Dataset excerpts
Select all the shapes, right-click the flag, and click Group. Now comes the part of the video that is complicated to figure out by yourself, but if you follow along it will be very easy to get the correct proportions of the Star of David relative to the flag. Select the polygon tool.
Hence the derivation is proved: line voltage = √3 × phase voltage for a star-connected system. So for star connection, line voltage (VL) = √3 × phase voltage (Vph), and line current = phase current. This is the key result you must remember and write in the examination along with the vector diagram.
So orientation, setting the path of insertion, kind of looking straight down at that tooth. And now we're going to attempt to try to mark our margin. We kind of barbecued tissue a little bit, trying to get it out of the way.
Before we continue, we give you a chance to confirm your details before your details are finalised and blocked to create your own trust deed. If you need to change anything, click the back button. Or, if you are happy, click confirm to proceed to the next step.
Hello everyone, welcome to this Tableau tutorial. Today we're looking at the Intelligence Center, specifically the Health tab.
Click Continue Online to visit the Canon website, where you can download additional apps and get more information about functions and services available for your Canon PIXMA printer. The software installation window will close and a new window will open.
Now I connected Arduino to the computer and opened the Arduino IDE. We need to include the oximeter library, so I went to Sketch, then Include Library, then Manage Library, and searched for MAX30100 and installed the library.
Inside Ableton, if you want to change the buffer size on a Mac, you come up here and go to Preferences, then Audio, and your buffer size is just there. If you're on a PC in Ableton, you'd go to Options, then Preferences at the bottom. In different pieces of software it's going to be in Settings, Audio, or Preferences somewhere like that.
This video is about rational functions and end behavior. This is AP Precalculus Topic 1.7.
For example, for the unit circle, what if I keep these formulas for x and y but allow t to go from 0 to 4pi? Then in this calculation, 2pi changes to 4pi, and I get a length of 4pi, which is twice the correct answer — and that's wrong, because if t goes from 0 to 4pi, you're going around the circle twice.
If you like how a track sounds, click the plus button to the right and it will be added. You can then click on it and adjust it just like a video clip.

### Work to complete
Repeat, exactly as they stand above, the lines from the line with "So orientation, setting" to the line with "Hello everyone, welcome", both lines included.

### Answer to the exercise
So orientation, setting the path of insertion, kind of looking straight down at that tooth. And now we're going to attempt to try to mark our margin. We kind of barbecued tissue a little bit, trying to get it out of the way.
Before we continue, we give you a chance to confirm your details before your details are finalised and blocked to create your own trust deed. If you need to change anything, click the back button. Or, if you are happy, click confirm to proceed to the next step.
Hello everyone, welcome to this Tableau tutorial. Today we're looking at the Intelligence Center, specifically the Health tab.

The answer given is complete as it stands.